Global Journalist

Cuba

Journalist in Cuba banned from reporting

A veteran foreign correspondent has been barred from working as a journalist in Cuba and stripped of his credentials.

Mauricio Vicent, 47, has worked 20 years in Cuba for El País, a Spanish national daily newspaper and Cadena SER, a Spanish radio network.

Though government officials are not asking Vicent to leave the country, they are refusing to renew his work permit, citing that he negatively portrays the editorial stance of the newspaper, according to a report by the International Press Institute.

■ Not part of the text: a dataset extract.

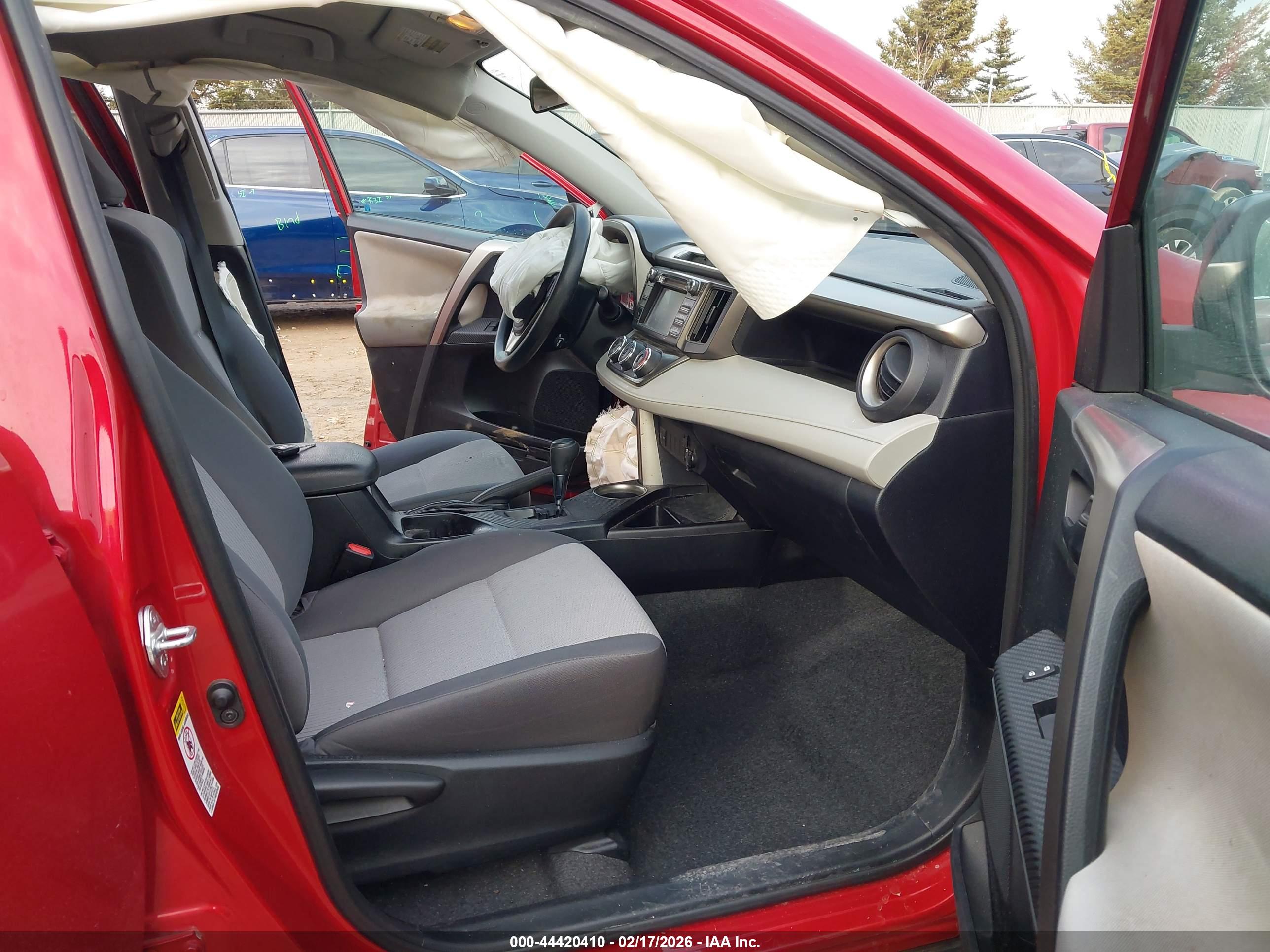 TOYOTA RAV4 image 5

Vicent’s stories about a political prisoner who died in 2009 after a hunger strike and a protestor who died after he was allegedly beaten by police in May, according to The Miami Herald.

Vicent’s wife is a Cuban citizen and his two children were born in Cuba.

Vicent is not the only journalist suffering from President Raúl Castro’s restraints on the press in Cuba. The Miami Herald reported in a Sept. 6, 2011 article that Juan Castro Olivera, an Argentine correspondent last assigned to the Miami bureau of the Agence France Press, was denied a journalist work visa he needed to report as a foreign correspondent from Havana.

According to The Miami Herald, there are other foreign correspondents who left Cuba because the government withdrew their accreditations, specifically The Chicago Tribune’s Gary Marx and Cesar Gonzalez-Calero of the El Universal newspaper in Mexico. A third correspondent for the British Broadcasting Corp., was able to renew his accredidation after it was revoked.